The tiny Channel island of Sark was, until 2008, Europe's last feudal state. It had had been governed under a feudal system since it was established 400 years ago when queen Elizabeth Tudor issued its "royal charter". The island’s governing chamber had been composed of 40 landowners and 12 elected deputies. But in April 2008 the British Privy Council approved legislation to replace this with an elected parliament of 28 in order to comply with the European human rights convention. However, the feudal offices of Seigneur and Seneschal remain. The first is an heredity "lord" who leases the island from Britain’s hereditary head of state and the latter the chief civil and criminal judge who also presides over the parliament. There is no divorce and women members of the parliament have to cover their heads.
The Isle of Man, despite its poor record, has agreed to incorporate the European Convention on Human Rights into its law. The Channel Islands have been exempted.
In January of 1998 the British government ordered an enquiry into the regulation of the banking systems in the islands. These allow companies registered there to avoid filing annual accounts or disclose their ownership. All of the islands are havens for businesses and individuals that want to avoid British taxes. They tailor their tax rates to help them do this. The Financial Times estimated in early 2000 that together with Bermuda and the Cayman Islands these dependencies cost Britain £1bn a year in tax revenue.
Jersey, with a population of 88,2000, has 11,800 working in financial services. It has 80 banks from 16 countries and 335 investment funds. Guernsey is similarly well provided with financial institutions. About 10% of the population work for them. Sark has a population of only 575 and no motor cars, but 23,000 businesses are registered there. One Sark resident has been registered as a director of 3,000 companies.
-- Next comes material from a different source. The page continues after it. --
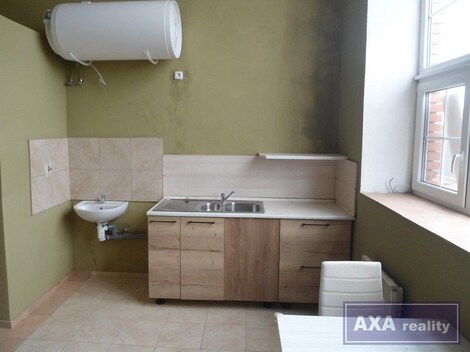 foto04_11250018_1f9srk.jpg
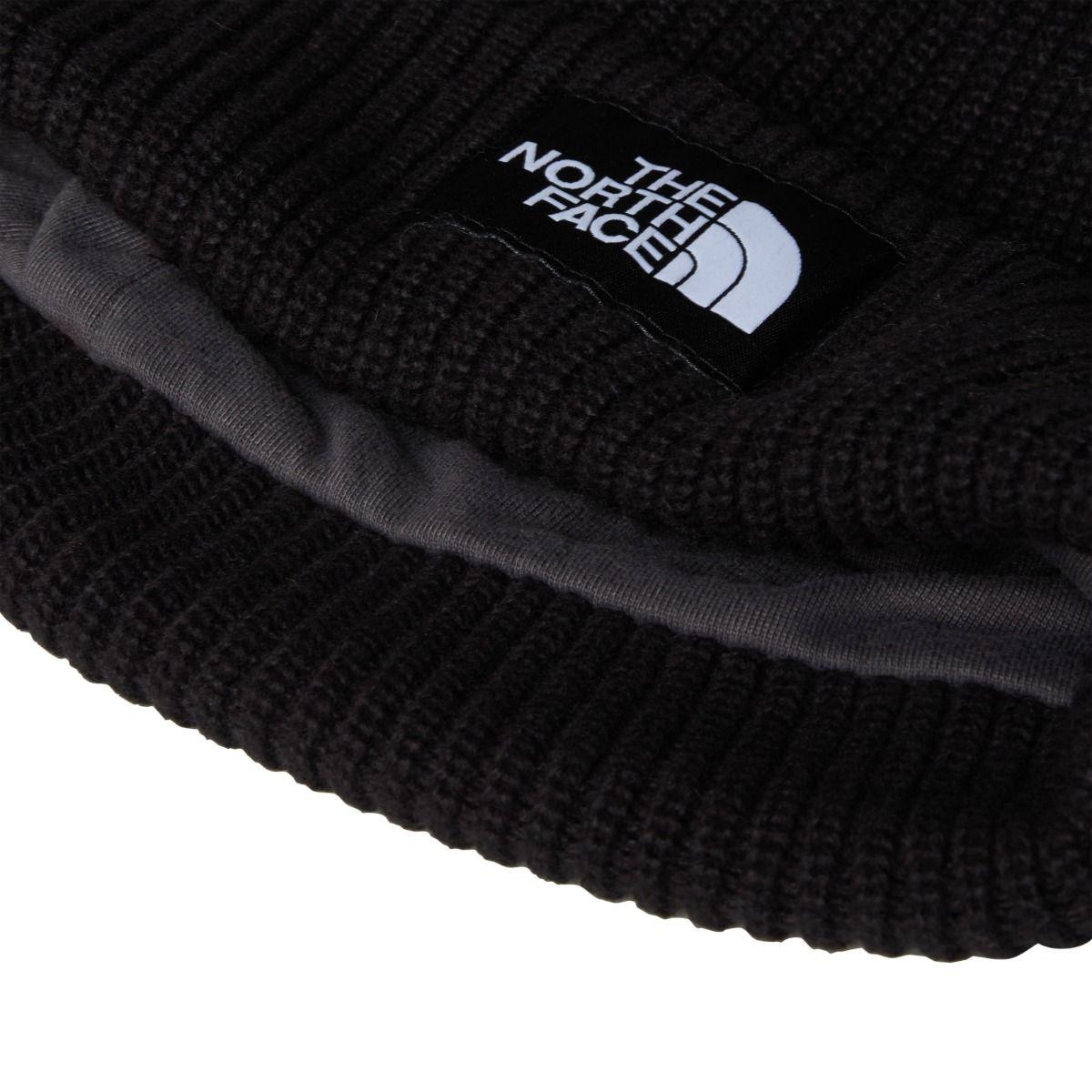 THE NORTH FACE Salty Lined Beanie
The Isle of Man, which has population of 80,058, crams 1,781 banks, 192 insurance companies and 102 investment funds into its few square miles.
Local politicians sit on the boards of banks that they regulate. The islands' banks are also alleged to be much used for money-laundering. Drug dealers from Britain and Ireland are ferried by taxi from the airport in Manx, Isle of Man, to the island's discreet banks, carrying bags full of cash.
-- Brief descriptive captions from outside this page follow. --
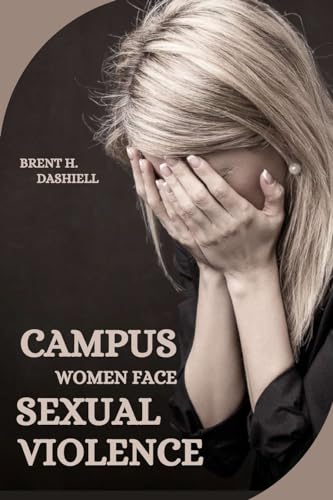 Campus Women Face Sexual Violence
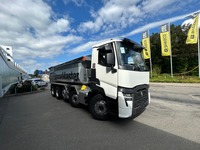 AVES4651_2989226 vehicle image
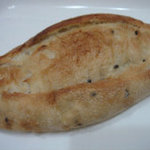 ラボ・フィセル - 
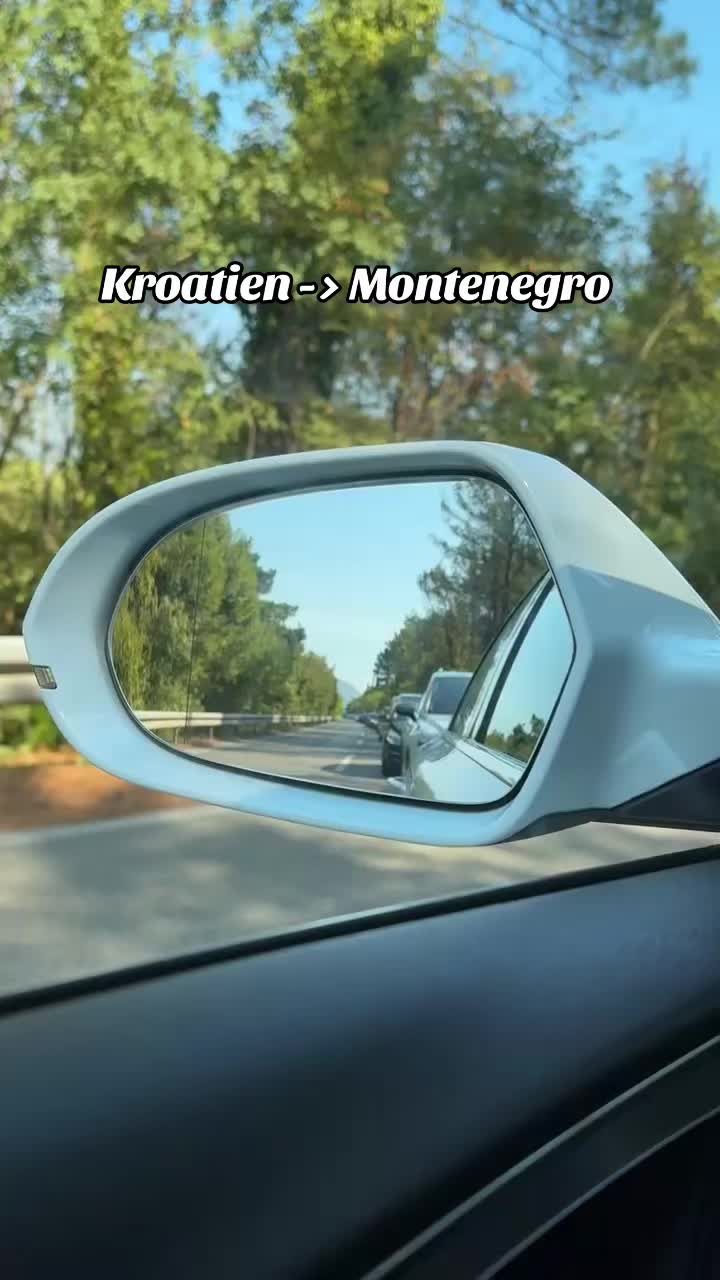 @y.miniknorr__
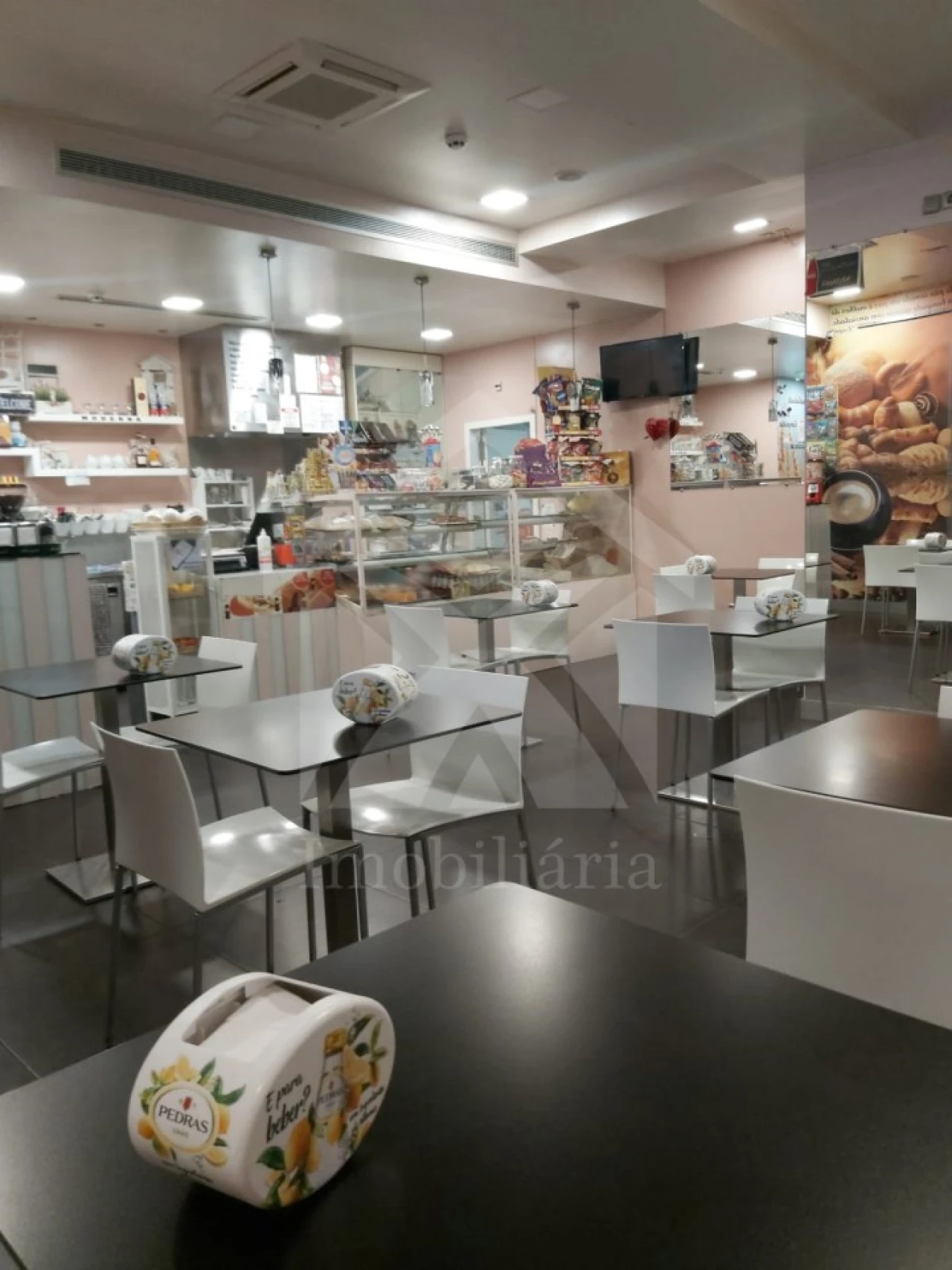 Negócio para Arrendamento em Póvoa de Varzim, Beiriz e Argivai Foto 1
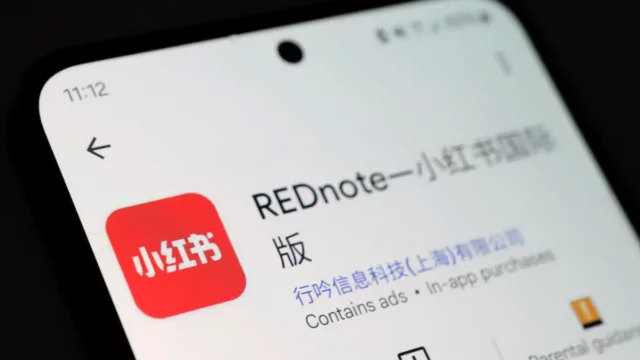 Rednote 1 1 640X360 1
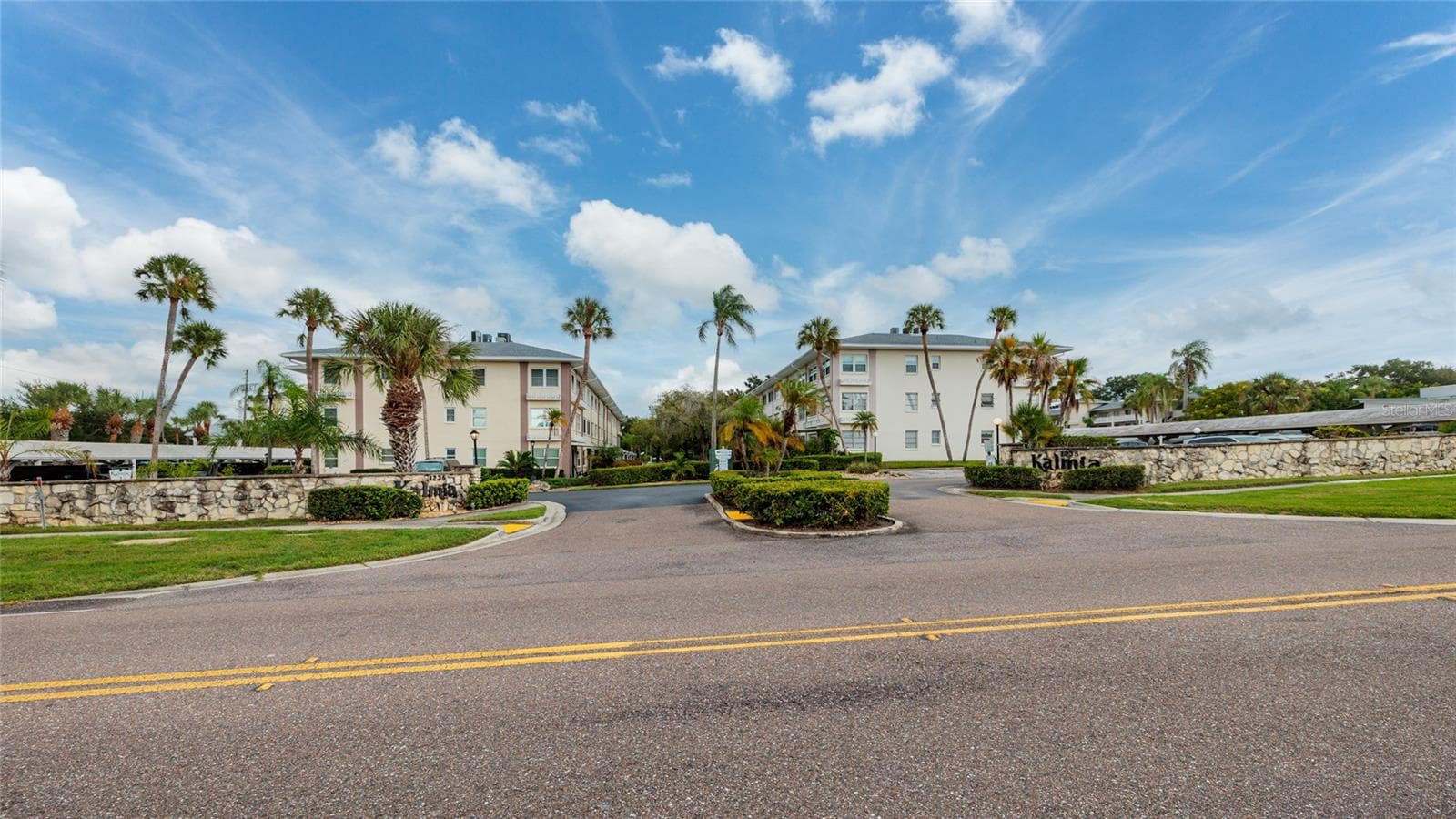 1235 S Highland Ave #2-301 photo 4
According to British press reports in June 2000 only pressure from the British government kept the Channel Islands and Isle of Man, together with the overseas territory of Gibraltar, off an OECD financial task force list of countries accused of failing to stem money flows from drug trafficking, embezzlement of international aid and other organised crime through their banking systems. Instead they were placed on a list of states whose actions were under surveillance. By March of 2002 the two Channel Islands had joined the Isle of Man in agreeing, in the words of the Financial Times, "to improve transparency and exchange of information providing rich nations did the same." In 2008 a European Union "white list" of financial centres which had what the Financial Times called "top quality anti-money laundering controls" omitted the Channel Islands and the Isle of Man. Instead they were given an intermediate status allowing EU states to treat their standards as acceptable if they chose.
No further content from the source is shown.